Am 10. März wird an mehr als 440 Rathäusern in Deutschland die tibetische Flagge wehen – als Zeichen der Solidarität und Erinnerung an die brutale Niederschlagung des Aufstandes der Tibeter vor 42 Jahren. „Das souveräne Tibet war 1950 von der Volksrepublik China völkerrechtswidrig besetzt und annektiert worden“, schrieb der Bremerhavener Oberbürgermeister Jörg Schulz im vergangenen Jahr, um die Beteiligung Bremerhavens an der bundesweiten Aktion zu begründen. Der Gedenktag erinnert an die Ermordung von 87.000 Tibetern in Lhasa im Jahre 1959, mit dem der tibetische Widerstand gegen die Annektion gebrochen werden sollte.

„Leider weigerte sich der Bremer Senat, auch am Bremer Rathaus Flagge zu zeigen“, steht auf der Internet-Seite der Bremer Tibet-Initiative zu lesen.

1998 hatte der Grüne Abgeordnete Arendt Hindriksen die Sache im Parlament zur Sprache gebracht.
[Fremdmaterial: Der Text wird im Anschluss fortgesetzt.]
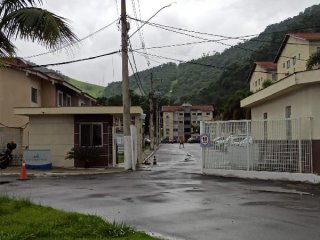 Imagem do imóvel AP28973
Die Antwort des Senats damals war gewesen, es werde nur für Staatsbesuche geflaggt, nicht für „private Initiativen“.

„Wir akzeptieren diese Begründung nur zähneknirschend“, sagt Holm Triesch, von Beruf Mitarbeiter im Finanzressort und in seiner Freizeit Aktivist der Bremer Tibet-Initiative. Er pflegt die Internet-Informationsseite, die eine der umfangreichsten der bundesdeutschen Regionalgruppen ist. Triesch war vor Jahren als Tourist im Tibet und wurde dabei mit der ungeheuerlichen Grausamkeit konfrontiert, mit der die Volksrepublik das tibetische Volk behandelt. „Wie Tiere“, sagt Triesch. Die Reise-Erfahrungen motivierten ihn, sich bei der Initiative zu engagieren, seit Jahren trifft sich eine Handvoll Tibet-Freunde jeden Monat und hält die tibetische Fahne auch in Bremen hoch.
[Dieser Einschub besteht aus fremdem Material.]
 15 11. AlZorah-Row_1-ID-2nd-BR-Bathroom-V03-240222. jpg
Auf einer Podiumsdiskussion im Bremer Rathaus im Januar diesen Jahres hat Bürgermeister Henning Scherf klare Worte gefunden: „Auch wenn das den Chinesen unangenehm ist und sie das stets als Einmischung in ihre inneren Angelegenheiten zurückweisen“, erklärte er, „müssen sie spüren und aushalten, dass ihr Handeln nicht unwidersprochen bleibt.“

In den Gesprächen mit China, sagte Scherf gleichzeitig, dürfe man „nicht auf Konfrontation setzen. Derartige Versuche sind von vornherein zum Scheitern verurteilt.“ Der diplomatische Seilakt ist klassisch: „Wir sollten nicht nur auf Proklamationen setzen“, erklärte Scherf weiter. „Ich möchte keine Demonstrationen machen, sondern eine Politik, die eine reale Verbesserung der Lage Tibets und der Tibeter ermöglicht. Es muss den Chinesen selbst deutlich werden, dass sich mit ihrem Handeln mehr Schaden zufügen als Nutzen. Dann sehe ich eine reelle Chance für eine allmähliche Kehrtwende im Reich der Mitte.“

Wenn die UN-Menschenrechtskommission am 19. März wieder über eine Verurteilung von China wegen der Unterdrückung im Tibet beschließen will, dann werden sich die EU-Staaten querstellen, prophezeit Triesch. Eine kleine Initiative brauche unendlich viel Kraft, um bei dem dem Versuch, den Menschenrechten in der großen Politik Geltung zu verschaffen, nicht an der Gumminwand der Diplomatie zu verzweifeln.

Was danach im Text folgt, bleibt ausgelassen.